Likely no one would have noticed if Sims had stopped there. But he took it further and put the shooting into national context, joining the divisive and often crude debate over the federal banning of semi-automatic weapons.

“The shooting is yet another tragic reminder that the gun violence epidemic has only worsened in our country,” he said. “It’s another reminder that we must act now in a meaningful way to address this problem and end the blood that flows onto the floors of churches, elementary schools, movie theaters, city streets and malls.”

The solutions are not secret, he continued. Sims is a longtime state representative who was appointed to the state Senate last year.

“We know that simple and broadly supported measures like universal background checks, cracking down on straw purchases and illegal weapon sales and limiting access to high-capacity magazines and military-style assault weapons would save countless lives.”

What he said was perfectly reasonable. And it would seem that no reasonable person, regardless of their stance on legalized firearms, would have issue with any of it.
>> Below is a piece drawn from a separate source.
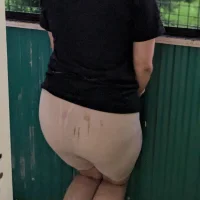 SlicedTall Profilový obrázek
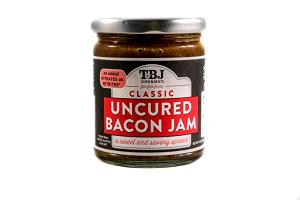 1 oz (28 g) Bacon Jam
But as these debates often do, some gun owners took it too far. It became, once again, a heated discussion over why law-abiding citizens who want to carry a firearm should be penalized for the acts of people who carry them illegally.

Within that message always has been a thinly veiled racial undertone that serves to pit young African-American men against mostly white, suburban gun owners. People don’t often say it out loud, but everyone understands the code.

It comes out in just about every debate over gun laws.

In an interview with NPR, Sims explained it this way: “We’ve got to get away from this fallacy that gun violence is perpetrated by this ‘boogeyman,’ the ‘gangbanger.’ It’s not,” he said. “Gun violence can happen anywhere, and I think the fact that this happened in Orland Park only serves to reinforce that these issues of gun violence — they don’t just happen in poor communities. They can happen anywhere.”

The morons who made those racist statements don’t represent the majority. ISRA Executive Director Richard Pearson put it this way: “People are really angry, really afraid of losing gun rights in Illinois,” he told me. “So these people are afraid and they are acting like they are afraid. But they do not represent us or who we are.”

He’s probably right about that.

Certainly, it would be unfair to label all or even the majority of law-abiding gun holders as racists and bigots.

But it is clear, as the ISRA appeared to point out its statement, some of these people are within their midst.